● BRIEF
Among the entries below, extract exactly the lines that run from the one with "Lion Fights With" through the one with "8 ft Portable", both ends included.

● AVAILABLE RECORDS
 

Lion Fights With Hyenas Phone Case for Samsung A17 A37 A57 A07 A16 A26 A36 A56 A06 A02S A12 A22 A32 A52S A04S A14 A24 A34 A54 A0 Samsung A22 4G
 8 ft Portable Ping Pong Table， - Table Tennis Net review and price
==
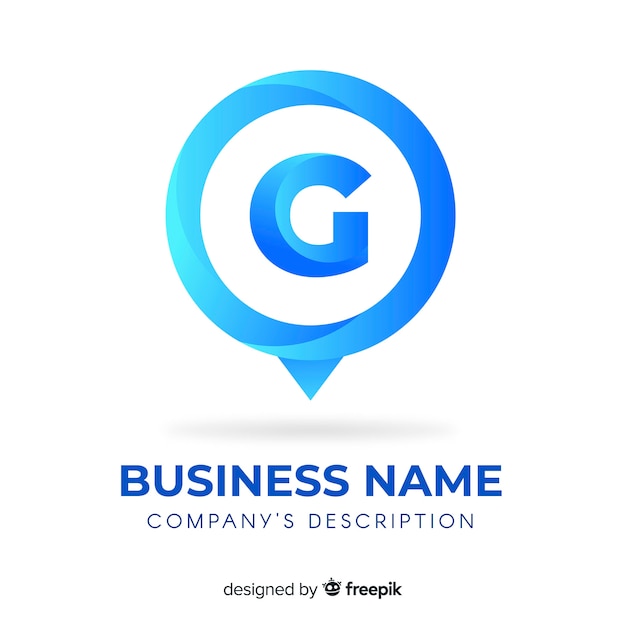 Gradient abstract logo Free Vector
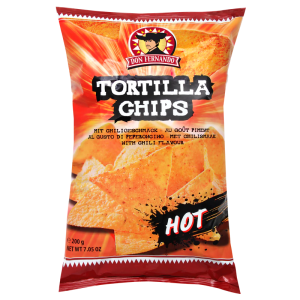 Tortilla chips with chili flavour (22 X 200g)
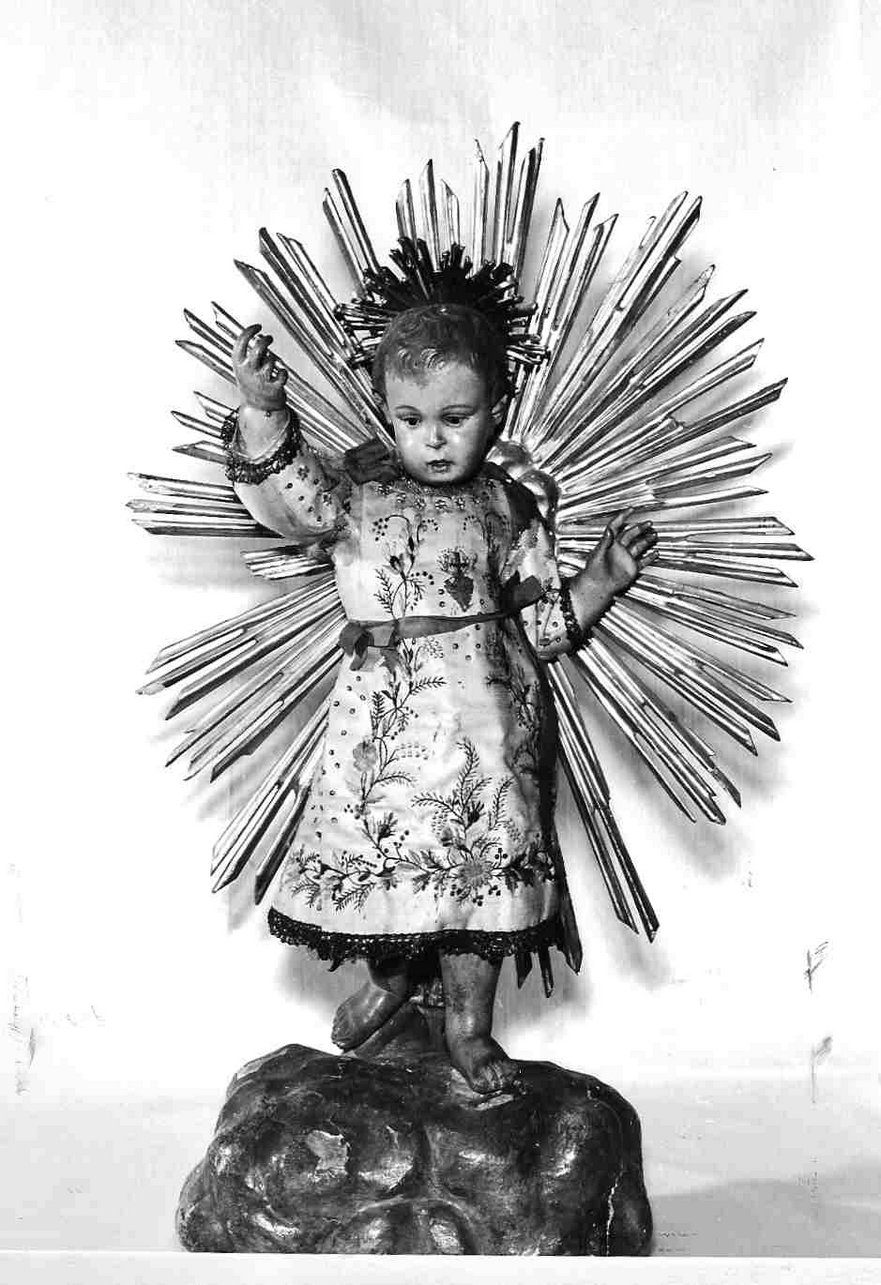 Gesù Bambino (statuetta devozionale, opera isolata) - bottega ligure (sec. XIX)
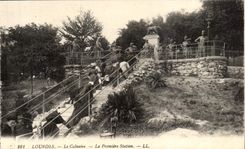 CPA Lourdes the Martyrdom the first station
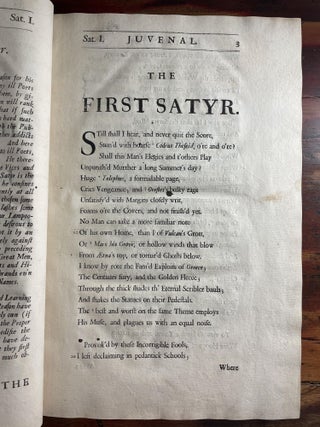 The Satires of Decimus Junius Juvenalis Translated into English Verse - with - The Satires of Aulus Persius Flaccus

● SOLUTION
Lion Fights With Hyenas Phone Case for Samsung A17 A37 A57 A07 A16 A26 A36 A56 A06 A02S A12 A22 A32 A52S A04S A14 A24 A34 A54 A0 Samsung A22 4G
 8 ft Portable Ping Pong Table， - Table Tennis Net review and price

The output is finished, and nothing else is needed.